» **What is expected**
Wherever "language" appears in a line of the listing, report that line.

BEGIN

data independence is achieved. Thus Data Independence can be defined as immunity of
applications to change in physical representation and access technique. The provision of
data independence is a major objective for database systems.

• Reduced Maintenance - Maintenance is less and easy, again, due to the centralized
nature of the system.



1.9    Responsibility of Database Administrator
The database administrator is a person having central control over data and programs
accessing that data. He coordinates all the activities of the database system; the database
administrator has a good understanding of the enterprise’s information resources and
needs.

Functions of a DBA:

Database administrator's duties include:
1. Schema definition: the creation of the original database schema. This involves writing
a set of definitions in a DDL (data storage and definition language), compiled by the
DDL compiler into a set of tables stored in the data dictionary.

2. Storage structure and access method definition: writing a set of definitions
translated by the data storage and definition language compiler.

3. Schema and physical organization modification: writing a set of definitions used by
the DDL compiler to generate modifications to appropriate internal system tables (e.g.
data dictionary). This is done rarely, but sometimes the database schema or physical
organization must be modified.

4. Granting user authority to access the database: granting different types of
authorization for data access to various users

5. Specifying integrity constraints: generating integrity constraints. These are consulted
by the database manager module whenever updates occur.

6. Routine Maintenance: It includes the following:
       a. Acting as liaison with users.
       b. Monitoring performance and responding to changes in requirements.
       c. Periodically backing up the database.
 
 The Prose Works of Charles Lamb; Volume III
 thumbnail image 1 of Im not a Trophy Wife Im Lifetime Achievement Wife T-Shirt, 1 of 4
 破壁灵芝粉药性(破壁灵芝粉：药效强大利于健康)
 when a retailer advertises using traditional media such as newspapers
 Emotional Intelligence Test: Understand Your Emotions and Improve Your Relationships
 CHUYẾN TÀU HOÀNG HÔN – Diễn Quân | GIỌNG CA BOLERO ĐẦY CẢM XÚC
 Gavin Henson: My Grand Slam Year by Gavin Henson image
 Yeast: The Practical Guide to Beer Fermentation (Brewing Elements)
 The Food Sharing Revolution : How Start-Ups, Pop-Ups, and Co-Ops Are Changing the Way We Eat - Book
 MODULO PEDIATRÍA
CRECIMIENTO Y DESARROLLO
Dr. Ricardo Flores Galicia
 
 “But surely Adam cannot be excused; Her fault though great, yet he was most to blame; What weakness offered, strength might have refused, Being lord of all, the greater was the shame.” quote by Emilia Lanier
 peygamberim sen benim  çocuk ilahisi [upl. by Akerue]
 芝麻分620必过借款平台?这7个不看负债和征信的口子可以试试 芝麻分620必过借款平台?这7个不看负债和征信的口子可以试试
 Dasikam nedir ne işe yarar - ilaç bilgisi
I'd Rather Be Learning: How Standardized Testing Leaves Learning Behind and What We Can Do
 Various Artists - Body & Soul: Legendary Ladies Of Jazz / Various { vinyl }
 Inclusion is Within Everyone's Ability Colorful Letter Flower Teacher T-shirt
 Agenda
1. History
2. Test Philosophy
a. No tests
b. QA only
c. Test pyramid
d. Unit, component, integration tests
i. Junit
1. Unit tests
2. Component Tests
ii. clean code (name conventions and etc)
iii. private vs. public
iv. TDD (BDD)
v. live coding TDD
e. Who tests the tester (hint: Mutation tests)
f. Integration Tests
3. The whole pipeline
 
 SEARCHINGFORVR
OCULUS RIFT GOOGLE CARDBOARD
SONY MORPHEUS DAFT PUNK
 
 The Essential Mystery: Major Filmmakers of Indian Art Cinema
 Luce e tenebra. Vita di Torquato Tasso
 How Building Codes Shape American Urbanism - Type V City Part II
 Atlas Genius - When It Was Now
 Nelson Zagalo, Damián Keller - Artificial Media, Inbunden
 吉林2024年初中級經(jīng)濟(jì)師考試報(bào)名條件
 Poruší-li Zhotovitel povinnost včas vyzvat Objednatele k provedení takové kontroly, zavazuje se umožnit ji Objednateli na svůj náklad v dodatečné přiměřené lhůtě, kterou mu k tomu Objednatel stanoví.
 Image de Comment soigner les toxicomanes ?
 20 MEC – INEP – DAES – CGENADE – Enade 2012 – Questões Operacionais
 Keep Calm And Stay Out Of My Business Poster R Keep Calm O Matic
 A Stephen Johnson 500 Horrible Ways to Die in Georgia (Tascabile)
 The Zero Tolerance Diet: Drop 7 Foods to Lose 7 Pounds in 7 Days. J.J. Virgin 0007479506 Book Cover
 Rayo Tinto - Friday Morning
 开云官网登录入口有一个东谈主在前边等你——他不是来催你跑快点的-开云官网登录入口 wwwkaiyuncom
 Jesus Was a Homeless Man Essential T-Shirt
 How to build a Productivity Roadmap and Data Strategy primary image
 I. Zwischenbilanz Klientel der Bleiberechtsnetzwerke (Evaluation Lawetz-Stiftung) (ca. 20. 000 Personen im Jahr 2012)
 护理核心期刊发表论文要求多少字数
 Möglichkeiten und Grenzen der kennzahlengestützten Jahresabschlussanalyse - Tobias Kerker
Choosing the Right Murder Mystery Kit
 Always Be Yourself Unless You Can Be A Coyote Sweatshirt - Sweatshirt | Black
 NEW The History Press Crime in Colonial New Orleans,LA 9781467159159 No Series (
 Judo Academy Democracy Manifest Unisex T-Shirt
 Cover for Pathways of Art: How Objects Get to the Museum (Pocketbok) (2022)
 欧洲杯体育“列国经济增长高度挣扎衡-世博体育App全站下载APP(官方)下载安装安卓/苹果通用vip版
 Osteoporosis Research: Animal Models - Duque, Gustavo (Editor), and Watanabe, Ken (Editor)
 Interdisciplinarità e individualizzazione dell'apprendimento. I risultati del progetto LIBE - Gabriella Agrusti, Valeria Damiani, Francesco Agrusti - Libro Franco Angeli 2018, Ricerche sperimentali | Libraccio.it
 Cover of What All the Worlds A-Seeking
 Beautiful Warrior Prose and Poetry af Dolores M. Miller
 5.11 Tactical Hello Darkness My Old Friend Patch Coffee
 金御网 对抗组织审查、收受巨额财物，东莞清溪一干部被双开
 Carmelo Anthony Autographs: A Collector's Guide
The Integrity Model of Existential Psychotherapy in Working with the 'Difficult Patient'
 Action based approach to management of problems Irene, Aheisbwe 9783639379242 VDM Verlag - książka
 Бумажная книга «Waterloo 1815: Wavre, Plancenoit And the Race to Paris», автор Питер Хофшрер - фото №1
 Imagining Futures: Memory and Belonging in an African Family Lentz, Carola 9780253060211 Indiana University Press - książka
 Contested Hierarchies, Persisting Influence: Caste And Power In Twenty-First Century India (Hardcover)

END

» **Result of this task**
a set of definitions in a DDL (data storage and definition language), compiled by the
translated by the data storage and definition language compiler.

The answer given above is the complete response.